By Our Staff Correspondent


WASHINGTON, April 17: One of the objectives of the new military operation launched in south-eastern Afghanistan on Tuesday is said to be to deter a spring-time influx of militants from Pakistan who are allied with Al Qaeda and the Taliban.

The operation, spearheaded by British troops, is the largest since the Shahikot action four weeks ago, and its primary aim is to search and destroy Al Qaeda and Taliban remnants.

But, The Washington Post reported on Wednesday, quoting Pentagon sources, it is also aimed at deterring Pakistani sympathizers from crossing into Afghanistan and further agitating that country at a crucial time.

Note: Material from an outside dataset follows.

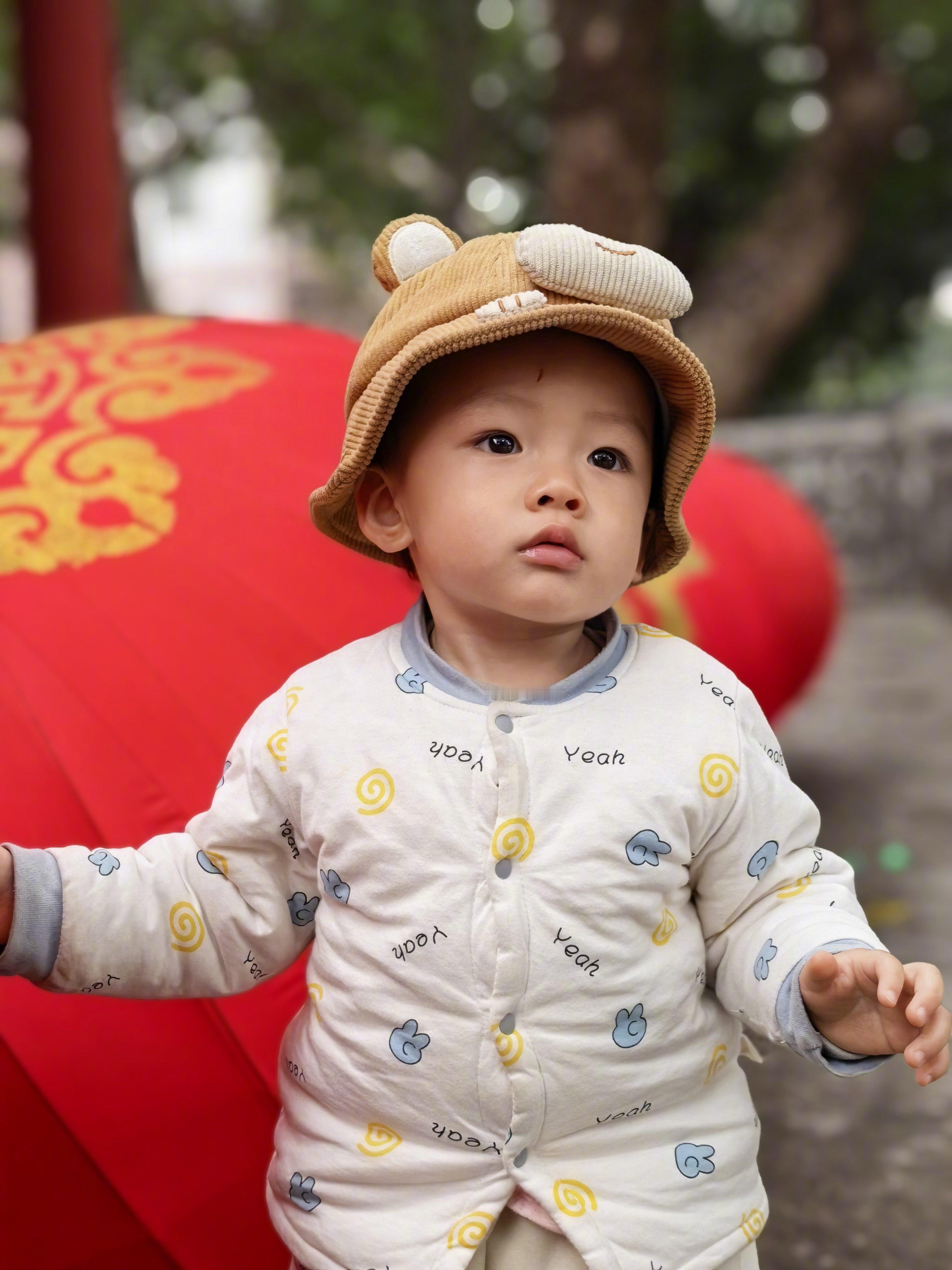 华为Mate80 RS的人像模式好用，可以设定虚拟光圈大小等值的虚化度。人像边缘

Former King Zahir Shah is scheduled to return to Kabul on Thursday, and his visit is to be followed by the convening of a loya jirga leading to the formation of a new government in June.

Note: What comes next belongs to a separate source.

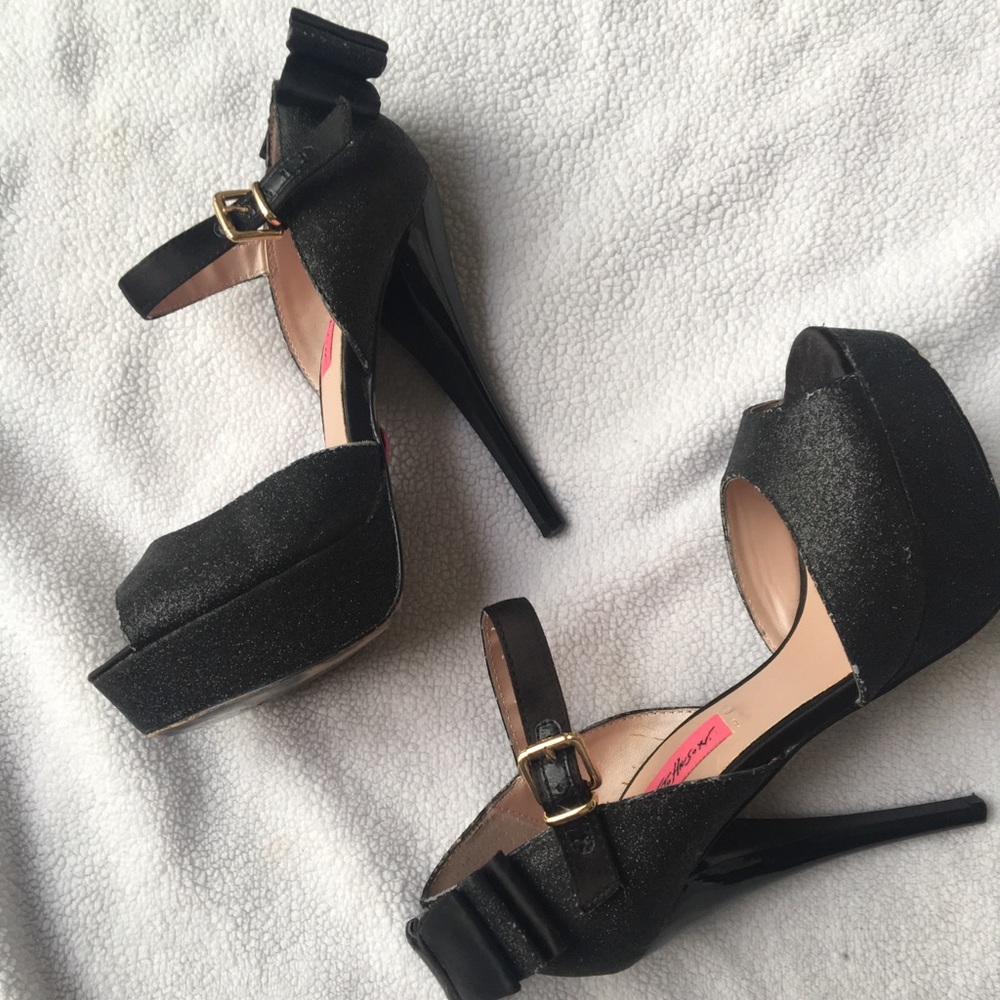Size 5.5 Betsey Johnson heels.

In addition, the Post said, “Pakistan itself is expected to become more politically turbulent” with the approach of the April 30 referendum.

The paper says concern about “jihadists” entering Afghanistan as the secondary mountain passes open in spring points to a contradiction in Pakistan’s conduct over the last six months —— “it has done better in cracking down on foreign terrorists, such as members of Al Qaeda, than it has in reeling in its own extremists”. Over the last month, the paper adds, Pakistan conducted high-profile raids that netted more than two dozen suspected foreign terrorists, including Abu Zubaiydah, but it also quietly released about 1,000 Pakistani extremists who were in detention.

Pakistan says it has only freed those who were found to be benign and against whom no case could be established.

OSAMA: In another report on Wednesday, the Post says Osama bin Laden was present during the battle of Tora Bora late last year and managed to escape because of the failure of the US to commit its own ground troops to the search and destruction of the region’s caves. The US had depended on local Afghan militias to spearhead the campaign, and some of them may have colluded in the escape of Taliban and Al Qaeda fighters.

According to the Post, intelligence officials have assembled what they believe to be decisive evidence, from contemporary and subsequent interrogations and intercepted communications, that Osama began the battle of Tora Bora inside the cave complex along Afghanistan’s eastern border. Though there remains a remote chance that he died there, the intelligence community is persuaded that Osama slipped away in the first 10 days of December.

The report does not speculate on Osama’s present whereabouts, though it implies that the Tora Bora operation had provided the best opportunity so far to capture or kill him. US officials in repeated briefings since have said they don’t know whether the Al Qaeda leader is dead or alive.